EXERCISE -> Give back, exactly as written, the lines from the first line of the data below through the line with "Child and family", and omit the pictures.

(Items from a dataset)
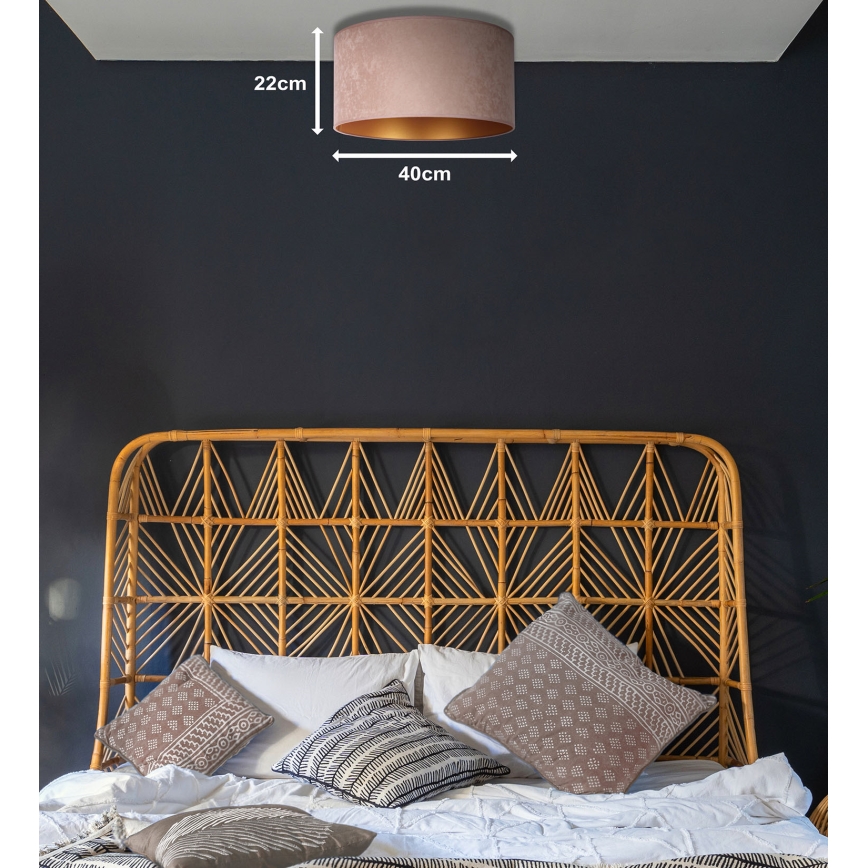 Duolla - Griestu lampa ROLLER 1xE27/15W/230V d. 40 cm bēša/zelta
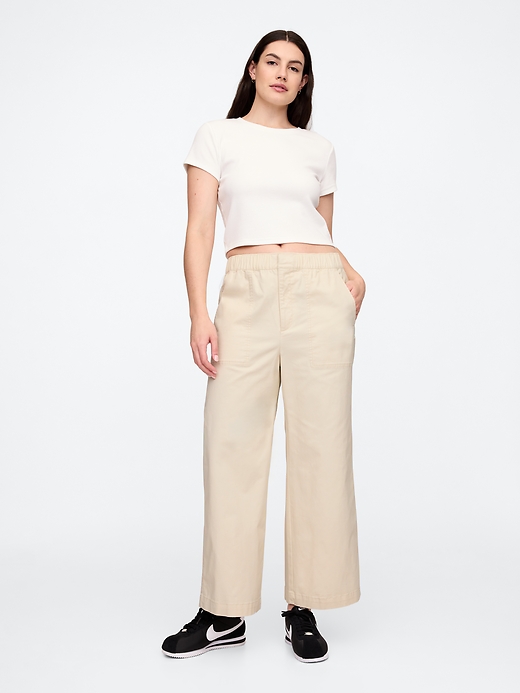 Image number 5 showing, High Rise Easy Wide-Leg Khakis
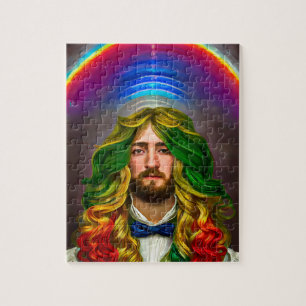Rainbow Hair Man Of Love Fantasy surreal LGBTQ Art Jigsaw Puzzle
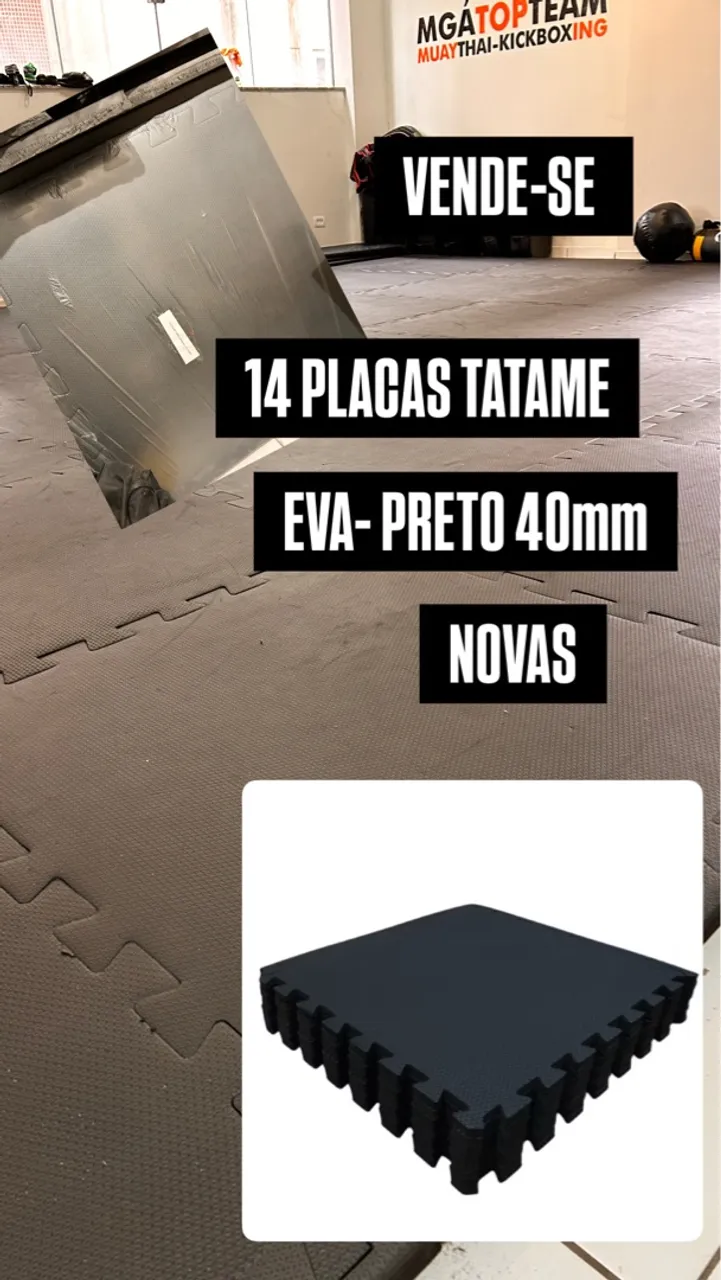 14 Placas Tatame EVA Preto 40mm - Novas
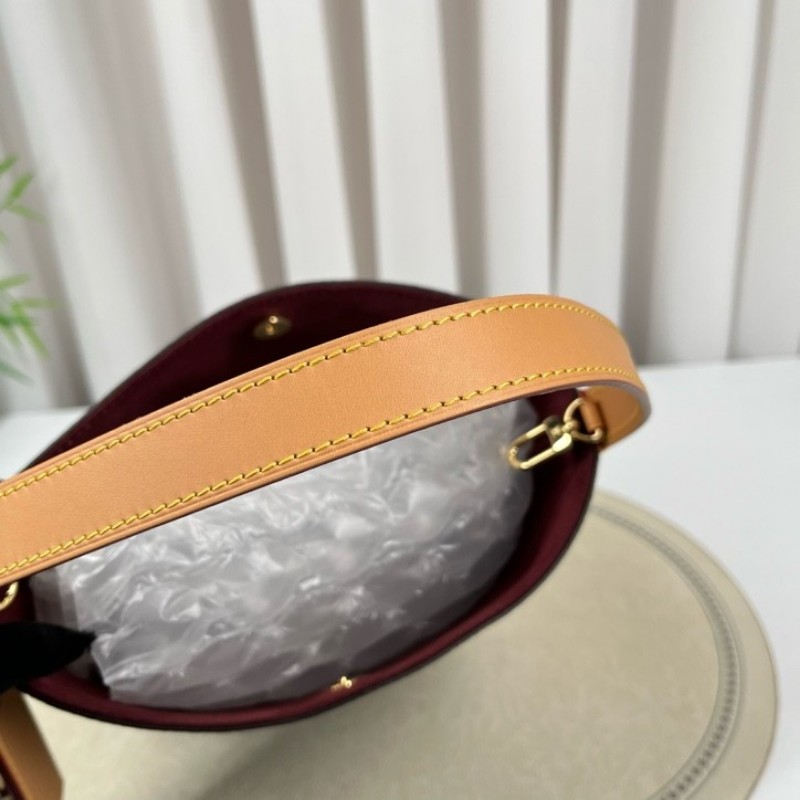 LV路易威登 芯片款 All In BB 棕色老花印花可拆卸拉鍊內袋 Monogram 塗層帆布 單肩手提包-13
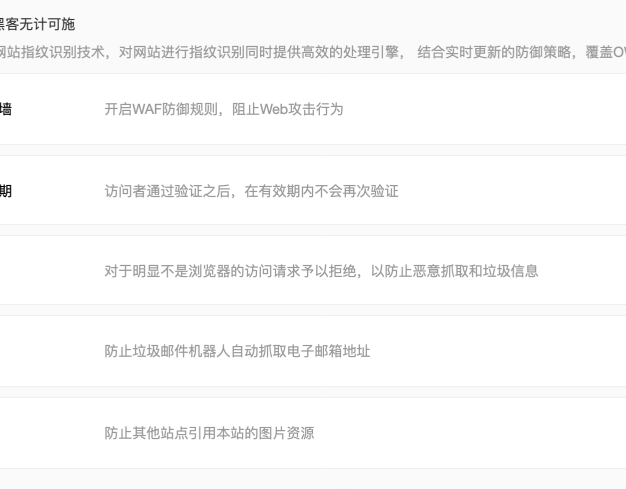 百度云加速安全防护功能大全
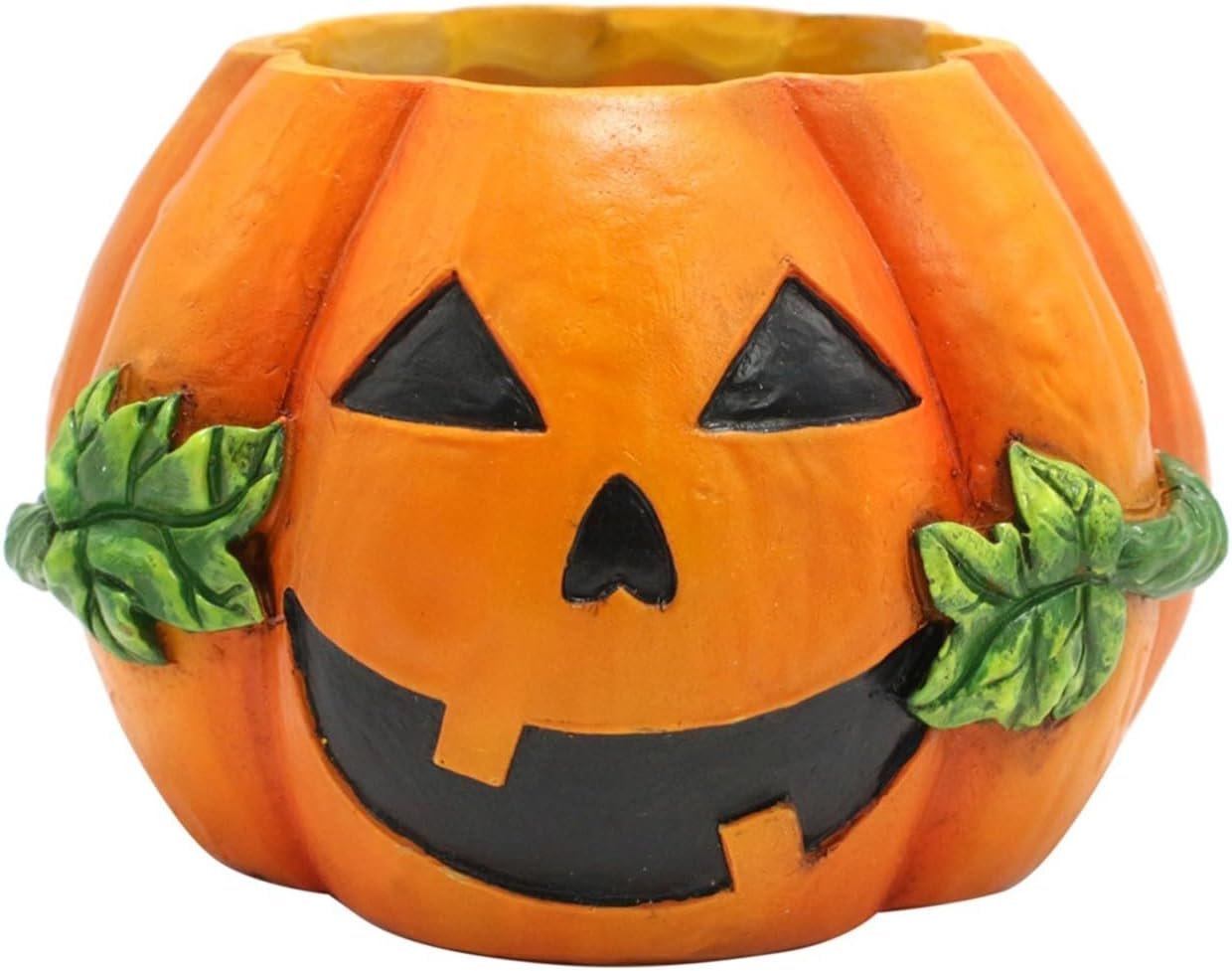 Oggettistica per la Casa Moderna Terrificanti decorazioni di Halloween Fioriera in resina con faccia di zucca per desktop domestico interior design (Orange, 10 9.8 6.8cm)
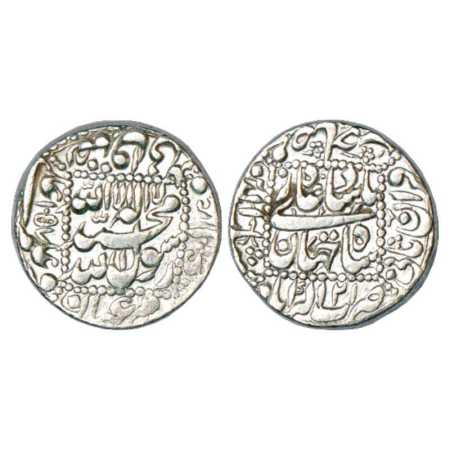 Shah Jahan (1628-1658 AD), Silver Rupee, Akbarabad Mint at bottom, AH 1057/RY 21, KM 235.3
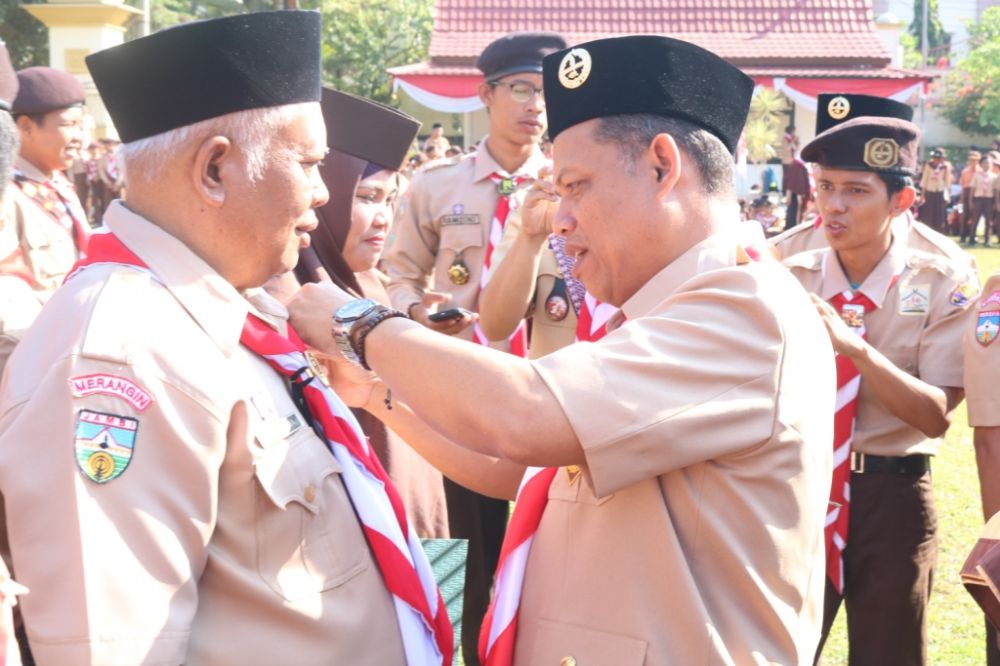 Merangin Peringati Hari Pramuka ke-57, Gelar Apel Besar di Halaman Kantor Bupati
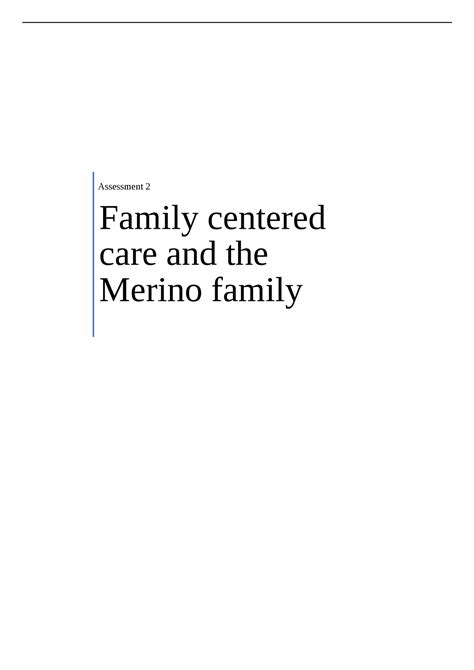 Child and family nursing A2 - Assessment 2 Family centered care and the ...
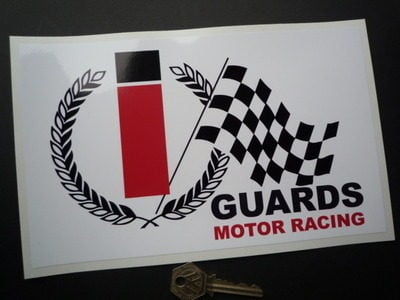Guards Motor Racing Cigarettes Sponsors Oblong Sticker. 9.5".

TASK OUTPUT ->
 Duolla - Griestu lampa ROLLER 1xE27/15W/230V d. 40 cm bēša/zelta
 Image number 5 showing, High Rise Easy Wide-Leg Khakis
Rainbow Hair Man Of Love Fantasy surreal LGBTQ Art Jigsaw Puzzle
 14 Placas Tatame EVA Preto 40mm - Novas
 LV路易威登 芯片款 All In BB 棕色老花印花可拆卸拉鍊內袋 Monogram 塗層帆布 單肩手提包-13
 百度云加速安全防护功能大全
 Oggettistica per la Casa Moderna Terrificanti decorazioni di Halloween Fioriera in resina con faccia di zucca per desktop domestico interior design (Orange, 10 9.8 6.8cm)
 Shah Jahan (1628-1658 AD), Silver Rupee, Akbarabad Mint at bottom, AH 1057/RY 21, KM 235.3
 Merangin Peringati Hari Pramuka ke-57, Gelar Apel Besar di Halaman Kantor Bupati
 Child and family nursing A2 - Assessment 2 Family centered care and the ...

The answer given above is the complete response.